A claim for breach of contract has three elements: first, the existence of the contract, whether express or implied; second, the breach of an obligation imposed by that contract; and third, the resultant damage to the plaintiff. To satisfy the final element, a plaintiff must show both the existence of damages provable to a reasonable certainty, and that the damages flowed from the defendant's violation of the contract. While courts will not award damages which require speculation as to the value of unknown future transactions, so long as the court has a basis for a responsible estimate of damages, and plaintiff has suffered some harm, mathematical certainty is not required.

Facts:

In March 2010, El Paso Corporation ("Parent") sold El Paso Pipeline Partners, L.P. (the "Partnership" or "El Paso MLP") a 51% interest in Elba Island, Georgia and Elba Express, L.L.C (collectively, “Elba”).

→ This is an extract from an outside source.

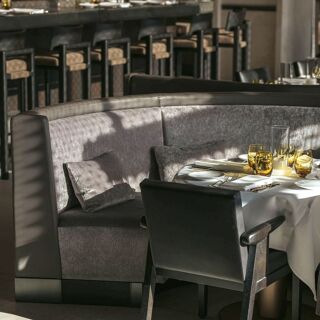 La Rigue - Knokke - 7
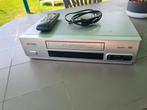 videorecorder, Audio, Tv en Foto, Videospelers, Ophalen of Verzenden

In November, Parent sold El Paso MLP the remaining 49% interest, plus a 15% interest in another Parent subsidiary. In both transactions, ownership interests "dropped down" from Parent to El Paso MLP. The limited partnership agreement governing El Paso MLP (the "LP Agreement" or "LPA") permitted El Paso Pipeline GP Company, L.L.C., the sole general partner of El Paso MLP (the "General Partner"), to cause El Paso MLP to engage in a transaction involving a conflict of interest, like the dropdowns, if the transaction received Special Approval, defined in the LP Agreement as approval from a Conflicts Committee (the "Committee") comprising qualified members of the board of directors of the General Partner (the "GP Board"). The only contractual requirement for Special Approval was that the Committee members believe in good faith that the transaction was in the best interests of El Paso MLP. The plaintiff challenged both dropdowns.

Issue:

By causing El Paso MLP to engage in the dropdown, did the general partner breach the LP agreement?

Answer:

Yes.

Conclusion:

The court held that the members of a committee comprising members of the board of directors of the general partner failed to form a subjective belief that a "dropdown" of ownership interests from a transaction was in the best interests of the LP, and the GP therefore breached the LP agreement by causing the LP to engage in the dropdown. While the court noted that the committee members thought the dropdown would allow the LP to increase distributions on its common units while raising inexpensive capital, it held that neither factor meant the transaction was in the best interests of the LP. The court further noted that the plaintiff’s expert demonstrated at trial that the LP paid $171 million more for a 49% interest in two LLC's than it would have if the GP had not breached the LP agreement; thus, the GP was liable for that amount, plus pre- and post-judgment interest at the legal rate, compounded quarterly, from the date the dropdown closed.